Wednesday, September 17, 2014

Back to the 12 Steps...

Big Book: page 69... "We reviewed our own conduct over the years past. Where had we been selfish, dishonest or inconsiderate? Whom had we hurt? Did we unjustifiably arouse jealousy, suspicion or bitterness? Where were we at fault, what should we have done instead? We got this all down on paper and looked at it."

I don't know how you 'the reader' feels about this paragraph but for me it's a very difficult one to put into action... writing down all your defects... taking a moral inventory... listing the good things about yourself if you can even begin to see what those things are... so how does one REALLY accomplish this goal honestly and effectively????  I am still looking for the answer to this question!

When I go to bed at night and my mind starts to quiet I think about my day... review the things that happened and wonder where I was resentful, selfish, dishonest, afraid, hopeless, angry, self seeking, hateful,... this list goes on and on. What could I have done better? Do I owe apologies? What am I still keeping to myself that I should share with another person? What could I have done better? Most often I make my review and decide what I could have done different... I seek God's forgiveness and ask for direction from Him.

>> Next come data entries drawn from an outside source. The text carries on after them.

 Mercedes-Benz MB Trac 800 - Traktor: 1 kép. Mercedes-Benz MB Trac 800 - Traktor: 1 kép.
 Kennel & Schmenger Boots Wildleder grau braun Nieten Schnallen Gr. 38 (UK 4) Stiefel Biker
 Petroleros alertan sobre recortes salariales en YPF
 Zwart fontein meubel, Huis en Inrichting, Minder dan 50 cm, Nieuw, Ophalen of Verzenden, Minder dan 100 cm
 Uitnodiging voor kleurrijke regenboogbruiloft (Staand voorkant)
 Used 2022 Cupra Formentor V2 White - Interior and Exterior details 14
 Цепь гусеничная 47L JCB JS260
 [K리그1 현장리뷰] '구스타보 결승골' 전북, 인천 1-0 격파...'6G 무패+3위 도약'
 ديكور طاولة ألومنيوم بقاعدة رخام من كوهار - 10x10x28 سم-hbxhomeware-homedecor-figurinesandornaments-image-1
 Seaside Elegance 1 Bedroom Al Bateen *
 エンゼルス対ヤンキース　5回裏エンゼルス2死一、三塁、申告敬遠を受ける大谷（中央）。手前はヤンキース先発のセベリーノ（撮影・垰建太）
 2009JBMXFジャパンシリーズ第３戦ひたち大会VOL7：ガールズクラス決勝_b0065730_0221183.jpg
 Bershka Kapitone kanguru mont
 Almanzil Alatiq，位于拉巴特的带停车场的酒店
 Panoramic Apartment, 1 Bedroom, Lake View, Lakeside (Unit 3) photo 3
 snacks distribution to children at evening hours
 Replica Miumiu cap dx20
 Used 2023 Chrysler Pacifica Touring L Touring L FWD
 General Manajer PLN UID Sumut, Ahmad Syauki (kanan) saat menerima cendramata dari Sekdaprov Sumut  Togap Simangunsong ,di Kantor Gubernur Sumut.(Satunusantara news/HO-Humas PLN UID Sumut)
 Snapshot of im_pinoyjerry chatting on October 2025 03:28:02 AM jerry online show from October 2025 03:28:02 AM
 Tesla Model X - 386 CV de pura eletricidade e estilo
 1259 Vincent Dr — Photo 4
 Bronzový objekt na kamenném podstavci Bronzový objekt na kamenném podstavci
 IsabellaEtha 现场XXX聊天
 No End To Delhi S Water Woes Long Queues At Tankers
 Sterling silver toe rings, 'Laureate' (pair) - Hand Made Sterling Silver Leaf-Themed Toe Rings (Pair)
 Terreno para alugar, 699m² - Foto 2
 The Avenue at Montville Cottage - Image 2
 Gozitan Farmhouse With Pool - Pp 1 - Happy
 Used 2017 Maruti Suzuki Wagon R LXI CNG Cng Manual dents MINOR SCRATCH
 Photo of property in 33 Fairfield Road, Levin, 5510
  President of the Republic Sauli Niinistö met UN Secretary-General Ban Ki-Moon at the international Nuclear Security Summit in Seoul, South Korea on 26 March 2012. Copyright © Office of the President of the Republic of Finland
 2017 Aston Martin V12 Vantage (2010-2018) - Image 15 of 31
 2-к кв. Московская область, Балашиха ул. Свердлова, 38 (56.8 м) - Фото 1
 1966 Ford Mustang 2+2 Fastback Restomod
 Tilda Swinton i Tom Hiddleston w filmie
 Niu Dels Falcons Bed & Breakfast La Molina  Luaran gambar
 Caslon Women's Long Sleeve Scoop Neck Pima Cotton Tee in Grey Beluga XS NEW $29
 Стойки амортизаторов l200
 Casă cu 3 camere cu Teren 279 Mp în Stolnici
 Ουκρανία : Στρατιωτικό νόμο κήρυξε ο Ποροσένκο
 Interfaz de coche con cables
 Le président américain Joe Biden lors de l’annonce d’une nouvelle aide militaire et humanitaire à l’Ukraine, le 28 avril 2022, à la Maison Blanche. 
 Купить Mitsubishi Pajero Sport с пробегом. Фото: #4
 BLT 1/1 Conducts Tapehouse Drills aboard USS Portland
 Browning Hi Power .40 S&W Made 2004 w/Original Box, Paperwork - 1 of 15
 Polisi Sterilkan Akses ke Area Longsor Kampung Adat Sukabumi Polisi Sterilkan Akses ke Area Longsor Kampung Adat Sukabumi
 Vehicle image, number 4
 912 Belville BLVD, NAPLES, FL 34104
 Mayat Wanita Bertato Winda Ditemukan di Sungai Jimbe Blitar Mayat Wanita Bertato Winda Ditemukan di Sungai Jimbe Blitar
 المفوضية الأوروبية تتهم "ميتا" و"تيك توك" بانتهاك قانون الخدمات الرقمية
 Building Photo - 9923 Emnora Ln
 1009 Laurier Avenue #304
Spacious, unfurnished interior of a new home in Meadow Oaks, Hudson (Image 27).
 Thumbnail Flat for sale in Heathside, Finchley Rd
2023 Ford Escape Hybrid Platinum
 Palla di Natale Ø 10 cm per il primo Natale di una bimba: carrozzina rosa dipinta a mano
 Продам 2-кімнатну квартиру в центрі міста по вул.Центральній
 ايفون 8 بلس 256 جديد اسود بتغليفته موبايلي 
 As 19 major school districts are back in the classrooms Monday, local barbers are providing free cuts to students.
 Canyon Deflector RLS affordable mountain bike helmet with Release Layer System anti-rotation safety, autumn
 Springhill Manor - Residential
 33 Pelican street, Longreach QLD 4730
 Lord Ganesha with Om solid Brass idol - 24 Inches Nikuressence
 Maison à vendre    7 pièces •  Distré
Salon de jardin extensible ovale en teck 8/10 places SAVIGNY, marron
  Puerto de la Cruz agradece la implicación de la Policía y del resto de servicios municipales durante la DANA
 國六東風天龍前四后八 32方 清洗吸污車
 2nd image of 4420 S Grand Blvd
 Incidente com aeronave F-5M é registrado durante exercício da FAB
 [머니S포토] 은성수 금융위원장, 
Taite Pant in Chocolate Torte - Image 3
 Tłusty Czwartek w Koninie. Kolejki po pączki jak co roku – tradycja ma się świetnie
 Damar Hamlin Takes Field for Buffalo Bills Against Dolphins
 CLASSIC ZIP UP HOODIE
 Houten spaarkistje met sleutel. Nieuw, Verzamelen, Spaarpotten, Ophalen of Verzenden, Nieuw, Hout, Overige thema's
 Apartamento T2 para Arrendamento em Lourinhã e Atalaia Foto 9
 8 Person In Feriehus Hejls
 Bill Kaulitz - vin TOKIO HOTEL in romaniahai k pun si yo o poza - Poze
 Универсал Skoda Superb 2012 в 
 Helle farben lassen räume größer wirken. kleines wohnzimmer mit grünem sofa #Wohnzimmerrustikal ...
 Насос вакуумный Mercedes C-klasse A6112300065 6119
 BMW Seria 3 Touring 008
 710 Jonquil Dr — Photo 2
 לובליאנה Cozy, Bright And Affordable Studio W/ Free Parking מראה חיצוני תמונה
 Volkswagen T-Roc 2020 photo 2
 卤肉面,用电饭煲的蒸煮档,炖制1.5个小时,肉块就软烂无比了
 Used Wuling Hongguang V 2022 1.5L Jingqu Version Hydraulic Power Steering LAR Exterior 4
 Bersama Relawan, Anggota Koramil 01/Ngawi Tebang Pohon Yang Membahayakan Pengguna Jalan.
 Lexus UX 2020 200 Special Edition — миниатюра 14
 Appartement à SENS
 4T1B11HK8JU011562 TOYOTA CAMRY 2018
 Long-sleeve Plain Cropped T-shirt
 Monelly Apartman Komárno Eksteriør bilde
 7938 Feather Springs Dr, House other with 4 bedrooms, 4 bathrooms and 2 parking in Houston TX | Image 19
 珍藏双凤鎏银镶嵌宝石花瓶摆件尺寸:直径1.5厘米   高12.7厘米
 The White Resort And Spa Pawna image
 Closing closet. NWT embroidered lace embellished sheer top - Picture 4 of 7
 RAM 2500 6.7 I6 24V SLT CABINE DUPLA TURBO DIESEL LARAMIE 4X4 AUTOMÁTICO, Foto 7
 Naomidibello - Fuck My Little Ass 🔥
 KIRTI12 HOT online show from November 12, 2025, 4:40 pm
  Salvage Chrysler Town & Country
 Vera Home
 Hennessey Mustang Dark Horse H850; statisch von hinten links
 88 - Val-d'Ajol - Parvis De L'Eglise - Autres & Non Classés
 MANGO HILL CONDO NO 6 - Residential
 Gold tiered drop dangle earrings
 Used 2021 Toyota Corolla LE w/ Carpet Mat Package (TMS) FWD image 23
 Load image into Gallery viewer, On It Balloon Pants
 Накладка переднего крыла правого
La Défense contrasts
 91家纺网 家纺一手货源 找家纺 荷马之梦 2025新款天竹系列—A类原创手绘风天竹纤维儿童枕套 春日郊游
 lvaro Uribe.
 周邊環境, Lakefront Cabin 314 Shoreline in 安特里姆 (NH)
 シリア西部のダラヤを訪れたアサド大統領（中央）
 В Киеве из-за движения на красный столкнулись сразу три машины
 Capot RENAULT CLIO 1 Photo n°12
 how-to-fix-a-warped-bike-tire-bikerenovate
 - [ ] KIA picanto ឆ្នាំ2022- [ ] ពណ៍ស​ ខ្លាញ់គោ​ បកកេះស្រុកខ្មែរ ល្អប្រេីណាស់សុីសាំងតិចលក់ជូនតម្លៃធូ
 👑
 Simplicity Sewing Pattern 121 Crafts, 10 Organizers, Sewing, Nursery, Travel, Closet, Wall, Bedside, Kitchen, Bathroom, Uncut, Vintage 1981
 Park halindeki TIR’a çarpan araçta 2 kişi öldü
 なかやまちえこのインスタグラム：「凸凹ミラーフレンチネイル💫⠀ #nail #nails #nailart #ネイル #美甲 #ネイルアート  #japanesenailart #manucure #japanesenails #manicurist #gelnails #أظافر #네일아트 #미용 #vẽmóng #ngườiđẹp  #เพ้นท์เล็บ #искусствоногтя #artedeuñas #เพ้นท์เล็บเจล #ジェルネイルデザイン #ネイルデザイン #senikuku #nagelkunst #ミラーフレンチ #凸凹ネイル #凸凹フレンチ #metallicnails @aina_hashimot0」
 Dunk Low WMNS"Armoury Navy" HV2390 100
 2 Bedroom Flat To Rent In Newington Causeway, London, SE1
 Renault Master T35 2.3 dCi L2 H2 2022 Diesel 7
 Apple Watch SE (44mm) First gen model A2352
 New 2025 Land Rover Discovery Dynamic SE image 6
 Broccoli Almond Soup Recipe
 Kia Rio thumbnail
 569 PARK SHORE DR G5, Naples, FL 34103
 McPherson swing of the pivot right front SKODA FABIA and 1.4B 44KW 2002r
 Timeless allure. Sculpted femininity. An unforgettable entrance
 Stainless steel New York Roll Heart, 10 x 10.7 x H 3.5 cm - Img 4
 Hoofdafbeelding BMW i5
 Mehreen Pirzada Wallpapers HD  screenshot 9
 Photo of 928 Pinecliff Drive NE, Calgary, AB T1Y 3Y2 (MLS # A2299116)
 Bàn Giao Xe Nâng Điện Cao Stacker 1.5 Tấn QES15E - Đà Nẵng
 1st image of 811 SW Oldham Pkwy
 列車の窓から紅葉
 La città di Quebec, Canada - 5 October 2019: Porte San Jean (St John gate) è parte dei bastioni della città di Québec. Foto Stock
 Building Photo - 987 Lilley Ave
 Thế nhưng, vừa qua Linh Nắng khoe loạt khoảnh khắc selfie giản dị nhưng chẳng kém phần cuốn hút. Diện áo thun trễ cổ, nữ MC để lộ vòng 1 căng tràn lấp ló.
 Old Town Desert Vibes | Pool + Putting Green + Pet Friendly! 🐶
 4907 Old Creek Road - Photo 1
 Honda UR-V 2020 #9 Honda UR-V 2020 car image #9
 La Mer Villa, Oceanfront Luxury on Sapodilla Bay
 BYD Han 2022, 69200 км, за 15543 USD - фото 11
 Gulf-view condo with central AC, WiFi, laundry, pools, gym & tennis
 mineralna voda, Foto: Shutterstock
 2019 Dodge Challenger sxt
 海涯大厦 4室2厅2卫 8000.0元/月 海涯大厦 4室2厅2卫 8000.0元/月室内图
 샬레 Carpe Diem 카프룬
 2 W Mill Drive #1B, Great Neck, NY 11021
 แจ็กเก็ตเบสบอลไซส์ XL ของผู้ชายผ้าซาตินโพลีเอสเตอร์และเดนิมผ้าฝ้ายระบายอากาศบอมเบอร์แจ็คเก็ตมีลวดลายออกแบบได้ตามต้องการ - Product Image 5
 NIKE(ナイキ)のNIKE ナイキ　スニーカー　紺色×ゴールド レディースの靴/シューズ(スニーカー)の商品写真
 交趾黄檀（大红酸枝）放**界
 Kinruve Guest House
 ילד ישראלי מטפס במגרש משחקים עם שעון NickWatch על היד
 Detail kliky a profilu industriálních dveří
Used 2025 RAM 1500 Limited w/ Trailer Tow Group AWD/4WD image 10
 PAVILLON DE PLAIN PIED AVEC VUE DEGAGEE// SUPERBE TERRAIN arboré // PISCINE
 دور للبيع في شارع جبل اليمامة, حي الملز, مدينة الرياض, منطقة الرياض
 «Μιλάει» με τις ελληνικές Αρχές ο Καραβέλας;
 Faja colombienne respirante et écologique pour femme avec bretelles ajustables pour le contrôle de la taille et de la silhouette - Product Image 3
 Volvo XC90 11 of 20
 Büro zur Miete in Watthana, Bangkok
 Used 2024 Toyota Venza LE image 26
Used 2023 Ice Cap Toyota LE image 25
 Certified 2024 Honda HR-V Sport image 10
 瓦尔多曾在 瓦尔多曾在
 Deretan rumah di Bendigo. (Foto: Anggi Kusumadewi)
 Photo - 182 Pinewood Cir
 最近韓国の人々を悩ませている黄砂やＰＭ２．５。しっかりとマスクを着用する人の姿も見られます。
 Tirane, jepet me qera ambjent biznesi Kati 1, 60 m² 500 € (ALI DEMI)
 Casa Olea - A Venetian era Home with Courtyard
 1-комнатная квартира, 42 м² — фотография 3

When I awake in the mornings I think about the 24 hours ahead (I try very very hard to just focus on today but it doesn't always work that way for me) another fault I need to continue to work on. As I consider my plans for the day (do I work... am I off & what can I do to get things accomplished at home... is there someone I can visit with whom I can encourage and find encouragement... how do I fit others into my day when I just want to be alone? I ask God to direct my thinking. I want to be free of so many of the things that weigh me down... self pity, self seeking behavior!!! I long for my thinking to be free from wrong motives. I long for answers that I don't feel I am getting... I long for answers to my whys & what ifs. 

I feel so completely exhausted most of the time... I get plenty of sleep (usually a very good sleep) occasionally my sleep is disrupted by horrible dreams and as of lately dreams of drinking... I long for a job that pays well & allows me to have health/retirement benefits without a physically exhausting labor... I long for a quiet - peaceful mind... I long for someone to share in all these things.

I would be lying if I said I don't think about drinking OFTEN... It has definitely lessened the amount of time that the thoughts come but they still come... when I am tired (which is so much of the time) and feeling let down or upset... the thoughts come... "just one drink - no one has to know - one drink to just numb yourself - just one drink"... I know where that ONE drink leads so I avoid it.... so then I think maybe it's just time to work the 12 steps again... go through my book, read the highlights and the notes, read my journals from treatment, look at my usage history and my goals, read the assignments the kids had to do in the family education and then just re-evaluate everything.